For a tempered distribution $f\in\mathcal S'(\mathbb R^n,X)$ and an open set $O\subset\mathbb R^n$,
$f=0$ on $O$ $\underset{def}\iff$ for each $\varphi\in \mathcal S(\mathbb R^n)$ with supp$\varphi\subset O$, $\langle f,\varphi\rangle=0.$ (supp$\varphi=\overline{\{x\in\mathbb R^n\mid \varphi(x)\neq 0\}}.$), and supp$f$ is defined as the compliment of the maximal open set on which $f$ satisfied $f=0.$
Then, I'm confused with this statement.
Let $f\in\mathcal S'(\mathbb R^n,X)$ and $x\in\mathbb R^n$. Then, $x\notin supp f$ if and only if there is a neighbourhood of $x$, say $U$, such that $\langle f ,\varphi\rangle=0$ for all $\varphi\in C_0^\infty(U).$
I don't know what the last part : $\langle f ,\varphi\rangle=0$ for all $\varphi\in C_0^\infty(U)$ means.

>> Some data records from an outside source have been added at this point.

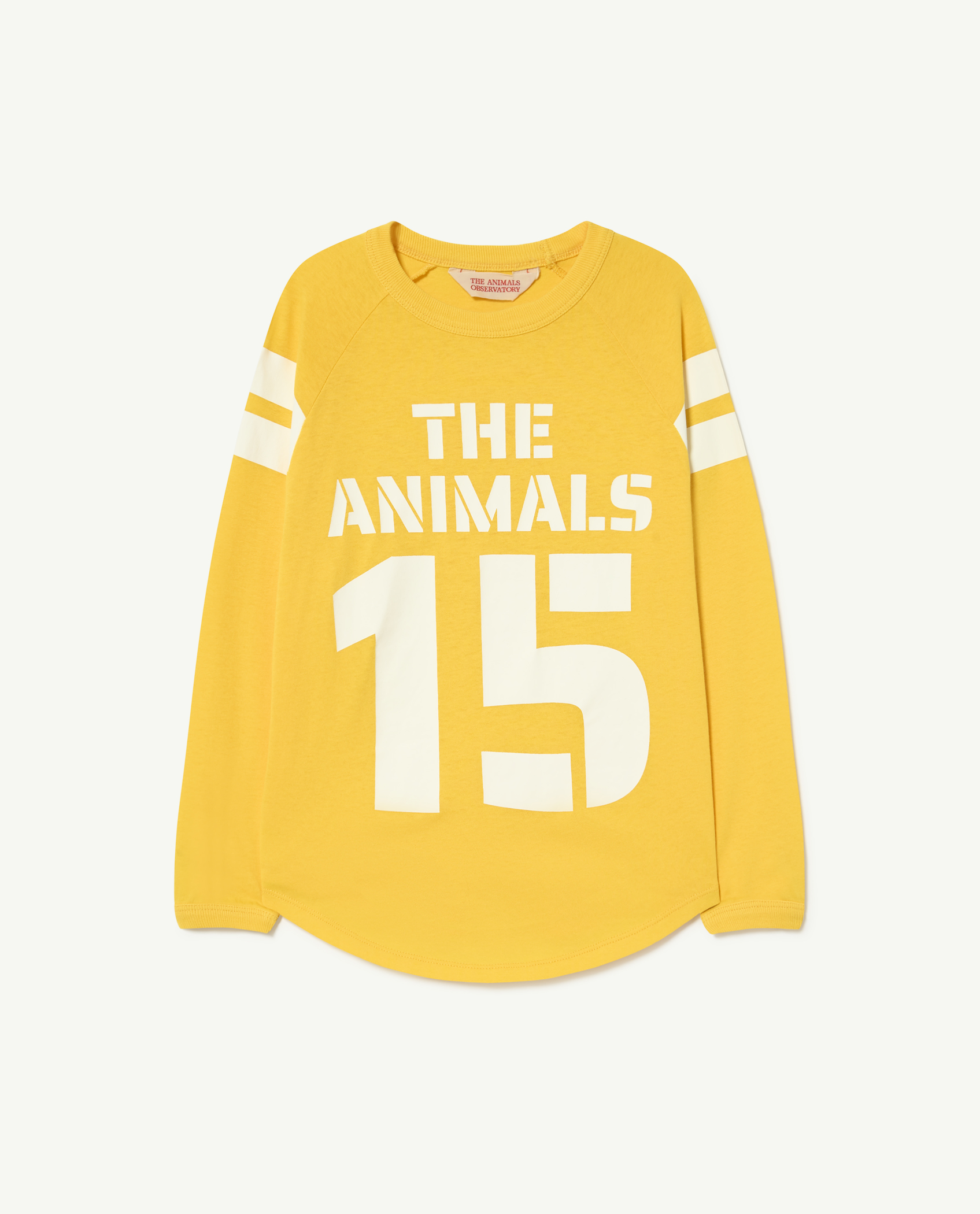 Yellow Anteater T-Shirt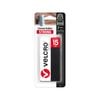 VELCRO Brand 50mm x 10cm Black Extreme Outdoor Strip - 2 Pack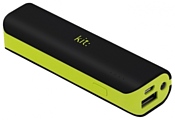 kit Universal with LED Flashlight 2000mAh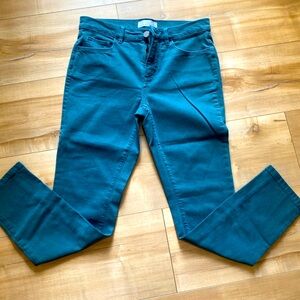 Loft skinny crop jeans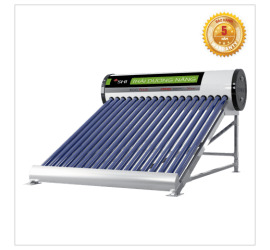Bình nóng lạnh thái dương năng Sơn Hà 140L Eco (phi 58)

In the context, $f$ is a function with domain $\mathcal S(\mathbb R^n)$. So in order to write $\langle f,\varphi\rangle$, $\varphi$ has to belong to $\mathcal S(\mathbb R^n)$. But $\varphi\in C_0^\infty(U)$ is a function defined not on $\mathbb R^n$ but on $U$. So I think $\varphi$ doesn't belong to $\mathcal S(\mathbb R^n)$. and hence $\langle f,\varphi\rangle$ isn't defined.
How should I interpret $\langle f ,\varphi\rangle$ for $\varphi\in C_0^\infty(U)$ ?
In my one idea, I consider $\varphi\in C_0^\infty(U)$ as $\varphi\in C_0^\infty(\mathbb R^n)$ with $\varphi(x)=0$ for $x\notin U.$ (I'm not sure this interpretation is correct.)